Dressed for a "Tom Thumb Wedding" |
Lewiston Years (continued)
One
of my closest friends and schoolmate in Lewiston was Bob Bollinger. His father was dead. He had a younger sister named
Betty. His mother was a fine
pianist and taught her children to love music.Betty Bollinger eventually became an opera singer, and Bob
sang with the Fred Waring’s Pennsylvanians before the Second World War. Bob was killed in an airplane crash
during the war.
Bob’s
mother ran the Bollinger Hotel that had been left to her by her husband. Bob occasionally took me into the hotel
restaurant for a caramel sundae.
They made the best caramel sundaes I have ever tasted. Bob also taught me how to play the
ukulele. We sang together a lot at
his house.
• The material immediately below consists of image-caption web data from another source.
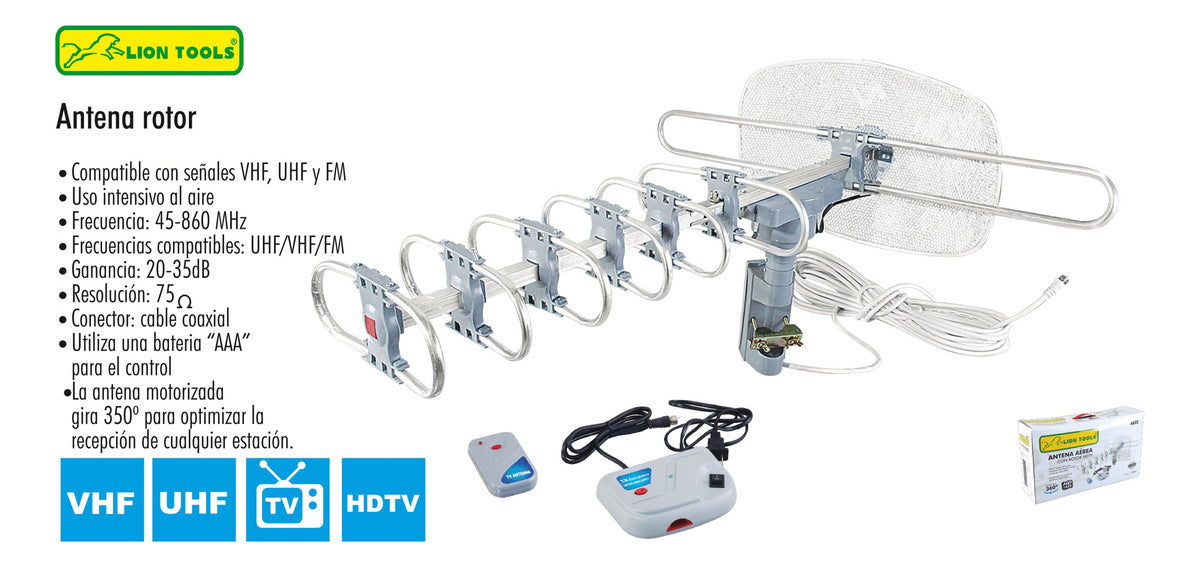 Antena Aérea Giratoria Con Rotor Hdtv Uhf/vhf/fm Lion Tools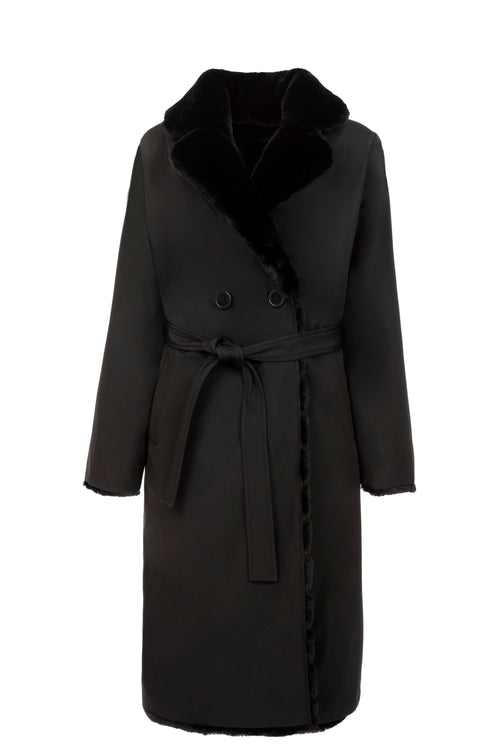Petite M. Kunstfell Trenchcoat in Schwarz Fabrikpreis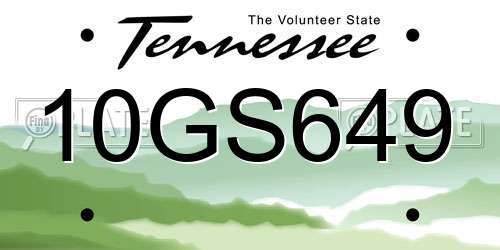 10GS649 Tennessee License Plate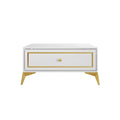 Modern Square Coffee Table with Drawer and Gold Handles - 31.72 in.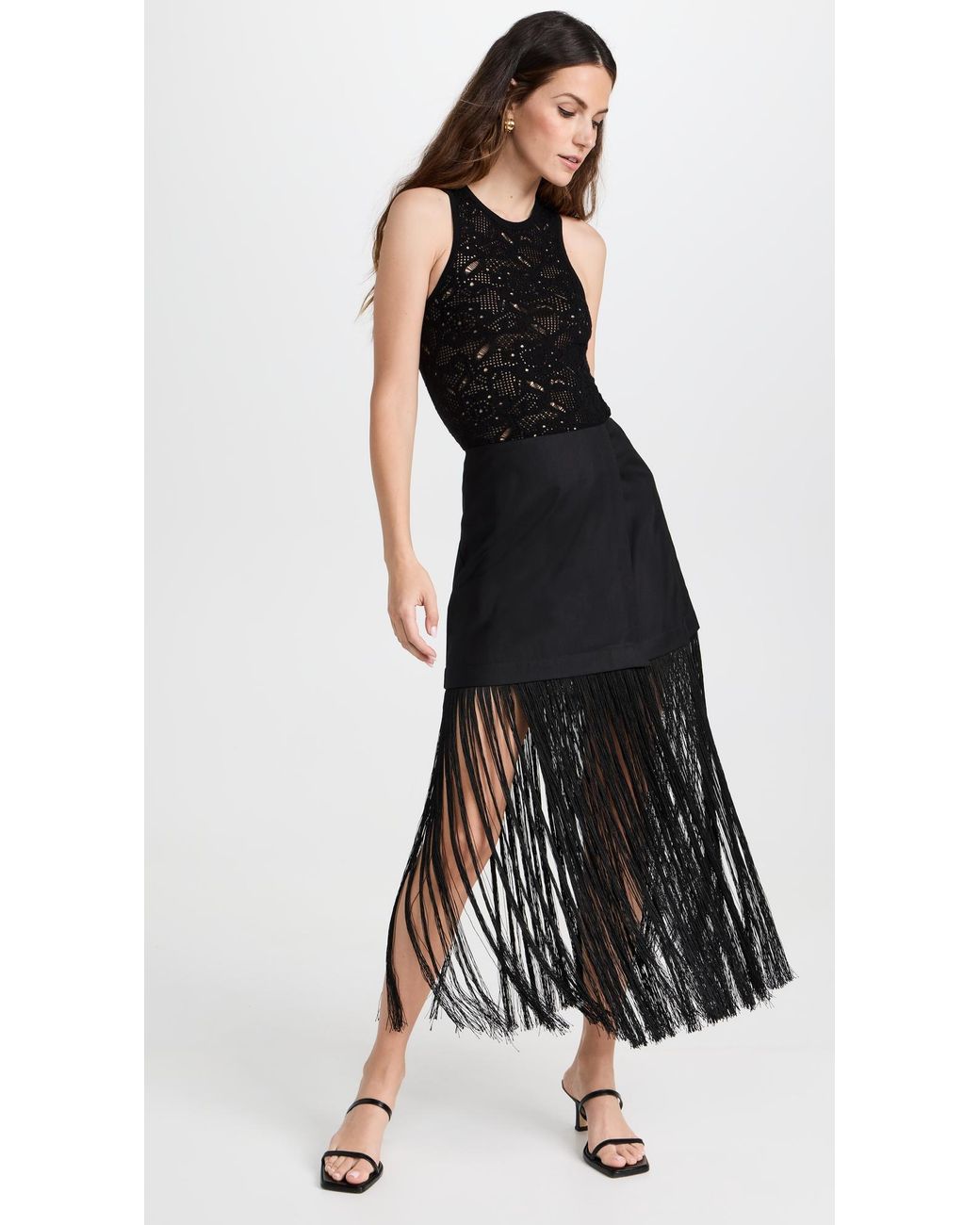 Black fringe skirt 60 hot sale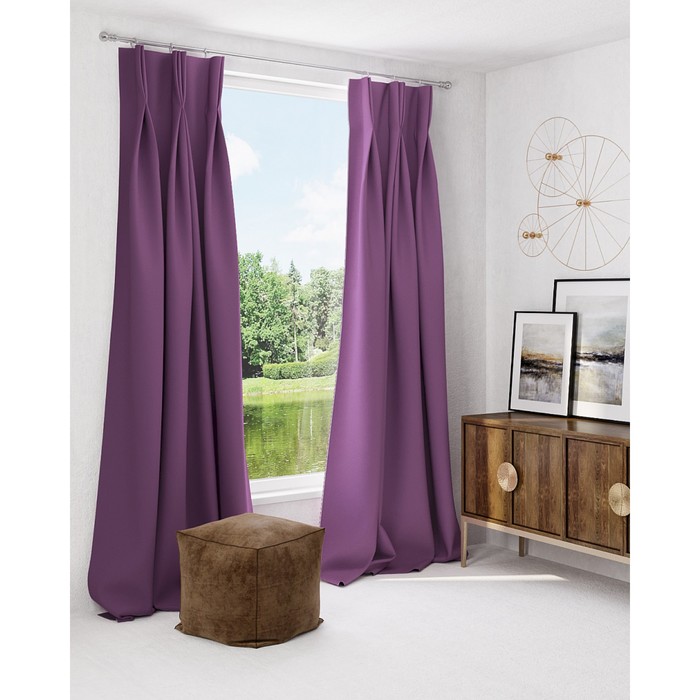 Шторы «Грейси», размер 150х260 см-2 шт, цвет фиолетовый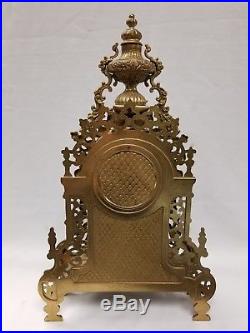 Vintage Large Brass Grand Clock And Candelabra Set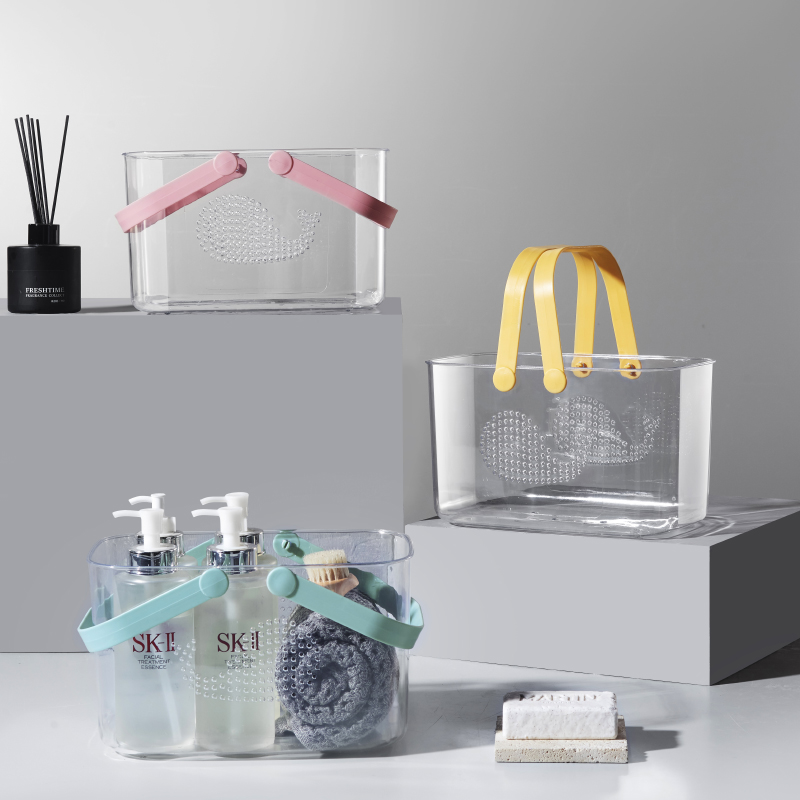 Net red transparent portable bath basket bathroom bathroom tidy bath basket sundries storage basket student bath wash basket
Two of the pieces I
remember learning at his house were “Always” and “In a Little Spanish
Town”.
It
was popular in the early 1920s for people who were music teachers to travel
from town to town spending two or three weeks in each town putting on a musical
called “Tom Thumb’s Wedding”, using the local kids as the participants. These traveling companies had the
costumes, props, music, and all that was needed. Bob and Betty Bollingers, my brother Frank and I were some
of the performers. We wore black dress
suits with swallowtail coats. One
of the songs I sang was “When You and I Were Young, Maggie”.
As
I mentioned before, the summers in Lewiston were very warm so we took advantage
of the rivers and did a lot of swimming.
The Snake River was much larger than the Clearwater and also warmer so
we did our swimming in the Snake.
On the Clarkston side of the river was a large sandy beach. This was the most popular place to
swim. We occasionally swam on the
Lewiston side where a dock and a high diving platform provided a good place to
swim from. I well remember my
first attempt at diving from the high platform. It was probably only ten to twelve feet high, but to me it
seemed like twenty-five feet. I
stood up there for about ten minutes before mustering up enough courage to dive
off. The Snake River was about two
hundred yards wide and had a rather swift current in the middle. Some of the older, stronger swimmers
used to swim across the river, but not many tried it, as it was very dangerous.